**Data records:**
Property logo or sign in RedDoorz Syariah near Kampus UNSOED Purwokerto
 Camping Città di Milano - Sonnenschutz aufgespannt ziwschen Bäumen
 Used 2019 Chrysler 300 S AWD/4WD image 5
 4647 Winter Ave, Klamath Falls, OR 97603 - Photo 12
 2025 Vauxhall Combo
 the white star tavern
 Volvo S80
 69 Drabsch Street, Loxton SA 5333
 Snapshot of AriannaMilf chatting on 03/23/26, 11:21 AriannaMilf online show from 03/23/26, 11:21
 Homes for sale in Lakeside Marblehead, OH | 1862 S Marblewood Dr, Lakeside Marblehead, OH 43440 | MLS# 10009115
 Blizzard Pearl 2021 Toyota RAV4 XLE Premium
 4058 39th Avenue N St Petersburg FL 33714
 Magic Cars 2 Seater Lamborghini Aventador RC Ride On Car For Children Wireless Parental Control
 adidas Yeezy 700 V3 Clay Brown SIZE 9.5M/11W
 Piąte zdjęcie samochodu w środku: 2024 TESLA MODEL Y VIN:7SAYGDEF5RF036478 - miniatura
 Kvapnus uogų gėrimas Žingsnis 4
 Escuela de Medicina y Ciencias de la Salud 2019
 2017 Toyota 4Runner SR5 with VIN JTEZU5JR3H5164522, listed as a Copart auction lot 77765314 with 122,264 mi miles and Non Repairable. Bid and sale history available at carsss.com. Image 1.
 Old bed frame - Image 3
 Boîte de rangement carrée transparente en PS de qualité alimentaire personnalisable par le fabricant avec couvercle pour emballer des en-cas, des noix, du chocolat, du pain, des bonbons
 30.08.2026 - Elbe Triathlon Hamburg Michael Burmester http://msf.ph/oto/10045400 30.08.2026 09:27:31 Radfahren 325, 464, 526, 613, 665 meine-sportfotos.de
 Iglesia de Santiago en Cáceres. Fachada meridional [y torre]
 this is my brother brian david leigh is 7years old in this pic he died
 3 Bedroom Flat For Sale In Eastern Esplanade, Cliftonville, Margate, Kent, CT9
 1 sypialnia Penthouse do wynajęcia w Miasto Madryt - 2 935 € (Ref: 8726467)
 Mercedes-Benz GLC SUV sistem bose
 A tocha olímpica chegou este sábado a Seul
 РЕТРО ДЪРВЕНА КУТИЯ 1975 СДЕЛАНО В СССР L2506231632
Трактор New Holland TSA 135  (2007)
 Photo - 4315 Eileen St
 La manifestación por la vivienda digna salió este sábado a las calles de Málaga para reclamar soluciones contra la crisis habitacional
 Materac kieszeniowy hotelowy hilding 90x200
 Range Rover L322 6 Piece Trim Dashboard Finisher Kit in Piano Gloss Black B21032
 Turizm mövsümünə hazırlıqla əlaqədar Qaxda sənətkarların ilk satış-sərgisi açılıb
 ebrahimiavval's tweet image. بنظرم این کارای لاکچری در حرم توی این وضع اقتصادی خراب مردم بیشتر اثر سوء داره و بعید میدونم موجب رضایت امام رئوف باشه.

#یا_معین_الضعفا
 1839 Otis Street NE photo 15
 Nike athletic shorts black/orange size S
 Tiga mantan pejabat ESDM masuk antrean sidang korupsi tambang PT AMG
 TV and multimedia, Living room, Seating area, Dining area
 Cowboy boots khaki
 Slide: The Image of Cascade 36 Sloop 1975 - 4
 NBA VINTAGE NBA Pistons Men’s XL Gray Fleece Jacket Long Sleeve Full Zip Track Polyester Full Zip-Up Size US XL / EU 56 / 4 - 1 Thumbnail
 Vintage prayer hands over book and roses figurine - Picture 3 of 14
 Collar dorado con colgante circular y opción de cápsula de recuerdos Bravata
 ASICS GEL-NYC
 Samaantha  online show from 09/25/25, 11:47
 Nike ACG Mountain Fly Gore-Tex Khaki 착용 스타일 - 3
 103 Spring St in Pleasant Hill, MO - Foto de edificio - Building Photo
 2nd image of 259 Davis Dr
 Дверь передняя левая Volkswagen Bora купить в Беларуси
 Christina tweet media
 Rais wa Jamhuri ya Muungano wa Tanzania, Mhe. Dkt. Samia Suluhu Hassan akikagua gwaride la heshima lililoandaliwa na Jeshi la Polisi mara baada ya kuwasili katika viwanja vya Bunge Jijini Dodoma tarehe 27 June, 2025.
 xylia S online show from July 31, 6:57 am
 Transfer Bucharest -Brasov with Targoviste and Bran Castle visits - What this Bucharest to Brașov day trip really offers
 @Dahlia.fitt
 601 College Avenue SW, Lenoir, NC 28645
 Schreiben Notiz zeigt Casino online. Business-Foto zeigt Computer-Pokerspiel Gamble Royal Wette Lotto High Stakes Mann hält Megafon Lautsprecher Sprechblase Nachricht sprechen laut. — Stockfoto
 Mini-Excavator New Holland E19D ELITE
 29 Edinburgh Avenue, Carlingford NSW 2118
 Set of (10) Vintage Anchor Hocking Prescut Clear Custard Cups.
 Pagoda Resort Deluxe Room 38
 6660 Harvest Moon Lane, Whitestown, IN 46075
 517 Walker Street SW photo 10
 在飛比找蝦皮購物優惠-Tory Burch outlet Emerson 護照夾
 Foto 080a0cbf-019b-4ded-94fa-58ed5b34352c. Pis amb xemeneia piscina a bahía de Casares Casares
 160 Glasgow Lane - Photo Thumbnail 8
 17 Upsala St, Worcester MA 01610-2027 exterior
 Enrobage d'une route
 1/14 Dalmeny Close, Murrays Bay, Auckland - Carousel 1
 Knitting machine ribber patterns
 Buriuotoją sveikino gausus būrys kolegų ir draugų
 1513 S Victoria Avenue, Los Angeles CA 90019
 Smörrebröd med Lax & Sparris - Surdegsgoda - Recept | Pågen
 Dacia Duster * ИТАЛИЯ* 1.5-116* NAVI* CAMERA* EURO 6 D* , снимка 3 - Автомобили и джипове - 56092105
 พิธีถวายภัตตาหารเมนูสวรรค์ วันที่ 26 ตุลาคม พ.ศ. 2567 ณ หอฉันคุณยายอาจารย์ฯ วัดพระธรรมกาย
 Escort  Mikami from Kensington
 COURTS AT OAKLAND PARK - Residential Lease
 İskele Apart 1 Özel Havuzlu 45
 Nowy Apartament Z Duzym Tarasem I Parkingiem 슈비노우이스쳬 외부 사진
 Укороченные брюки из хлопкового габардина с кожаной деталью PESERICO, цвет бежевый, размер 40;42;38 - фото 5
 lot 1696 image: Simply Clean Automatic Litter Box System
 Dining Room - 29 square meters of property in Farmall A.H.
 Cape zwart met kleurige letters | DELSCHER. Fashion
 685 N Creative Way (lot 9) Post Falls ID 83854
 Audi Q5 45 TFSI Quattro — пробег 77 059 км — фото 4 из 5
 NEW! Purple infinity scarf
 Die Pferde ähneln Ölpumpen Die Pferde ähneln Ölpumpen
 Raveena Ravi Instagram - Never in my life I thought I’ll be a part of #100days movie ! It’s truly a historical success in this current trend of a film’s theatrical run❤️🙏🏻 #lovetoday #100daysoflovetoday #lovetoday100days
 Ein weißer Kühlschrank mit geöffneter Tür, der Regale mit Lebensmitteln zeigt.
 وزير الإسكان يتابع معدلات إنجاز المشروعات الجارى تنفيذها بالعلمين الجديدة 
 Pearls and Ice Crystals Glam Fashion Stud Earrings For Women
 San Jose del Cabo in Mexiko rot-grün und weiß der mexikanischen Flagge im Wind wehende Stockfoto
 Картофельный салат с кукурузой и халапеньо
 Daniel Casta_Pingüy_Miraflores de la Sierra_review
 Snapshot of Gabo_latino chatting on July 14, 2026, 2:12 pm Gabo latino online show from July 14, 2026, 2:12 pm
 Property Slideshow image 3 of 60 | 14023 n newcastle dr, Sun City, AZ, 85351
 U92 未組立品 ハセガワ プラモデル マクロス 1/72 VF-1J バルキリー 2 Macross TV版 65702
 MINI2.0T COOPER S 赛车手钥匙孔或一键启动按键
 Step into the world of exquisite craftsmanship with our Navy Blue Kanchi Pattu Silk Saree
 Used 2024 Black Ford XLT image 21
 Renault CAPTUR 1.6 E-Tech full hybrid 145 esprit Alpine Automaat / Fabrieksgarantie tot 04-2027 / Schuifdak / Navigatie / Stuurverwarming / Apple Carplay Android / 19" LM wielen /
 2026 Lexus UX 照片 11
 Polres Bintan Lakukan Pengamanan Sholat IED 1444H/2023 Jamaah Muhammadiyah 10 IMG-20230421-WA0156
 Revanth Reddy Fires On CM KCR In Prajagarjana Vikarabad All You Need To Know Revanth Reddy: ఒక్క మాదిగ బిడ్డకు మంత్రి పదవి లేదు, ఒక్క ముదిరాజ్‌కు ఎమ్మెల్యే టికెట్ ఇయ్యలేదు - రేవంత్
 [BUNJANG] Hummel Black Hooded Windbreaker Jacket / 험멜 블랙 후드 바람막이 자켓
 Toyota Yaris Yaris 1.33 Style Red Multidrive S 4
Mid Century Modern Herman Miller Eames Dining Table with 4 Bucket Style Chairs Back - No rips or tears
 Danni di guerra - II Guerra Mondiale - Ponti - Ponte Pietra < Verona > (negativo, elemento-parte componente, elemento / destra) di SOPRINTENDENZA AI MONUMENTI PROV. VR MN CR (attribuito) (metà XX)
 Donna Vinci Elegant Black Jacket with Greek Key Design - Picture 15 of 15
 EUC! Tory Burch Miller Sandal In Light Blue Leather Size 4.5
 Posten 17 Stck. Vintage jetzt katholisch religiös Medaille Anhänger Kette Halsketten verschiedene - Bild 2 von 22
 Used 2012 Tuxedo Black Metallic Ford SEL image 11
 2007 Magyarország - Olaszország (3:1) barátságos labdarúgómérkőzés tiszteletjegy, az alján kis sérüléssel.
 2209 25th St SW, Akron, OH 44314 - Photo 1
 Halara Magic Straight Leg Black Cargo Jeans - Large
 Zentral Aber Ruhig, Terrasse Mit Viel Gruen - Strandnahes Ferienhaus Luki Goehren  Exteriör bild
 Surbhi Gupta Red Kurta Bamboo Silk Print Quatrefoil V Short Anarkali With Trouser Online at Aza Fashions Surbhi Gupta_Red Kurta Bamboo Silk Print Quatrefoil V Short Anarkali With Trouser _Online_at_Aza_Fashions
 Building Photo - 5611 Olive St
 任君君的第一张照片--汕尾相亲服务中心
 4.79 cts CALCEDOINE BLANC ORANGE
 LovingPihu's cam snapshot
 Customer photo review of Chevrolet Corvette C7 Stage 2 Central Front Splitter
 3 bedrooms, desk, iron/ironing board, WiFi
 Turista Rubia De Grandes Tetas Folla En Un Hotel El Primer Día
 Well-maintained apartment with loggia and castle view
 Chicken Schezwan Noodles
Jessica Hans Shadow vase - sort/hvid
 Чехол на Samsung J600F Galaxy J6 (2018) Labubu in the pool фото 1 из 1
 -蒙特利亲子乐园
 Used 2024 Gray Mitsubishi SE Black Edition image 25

**What is expected:** Write out again, exactly, the lines from the start of the entries up to and including the one with "69 Drabsch Street, Loxton SA 5333". Nothing else belongs in the reply.

**Output:**
Property logo or sign in RedDoorz Syariah near Kampus UNSOED Purwokerto
 Camping Città di Milano - Sonnenschutz aufgespannt ziwschen Bäumen
 Used 2019 Chrysler 300 S AWD/4WD image 5
 4647 Winter Ave, Klamath Falls, OR 97603 - Photo 12
 2025 Vauxhall Combo
 the white star tavern
 Volvo S80
 69 Drabsch Street, Loxton SA 5333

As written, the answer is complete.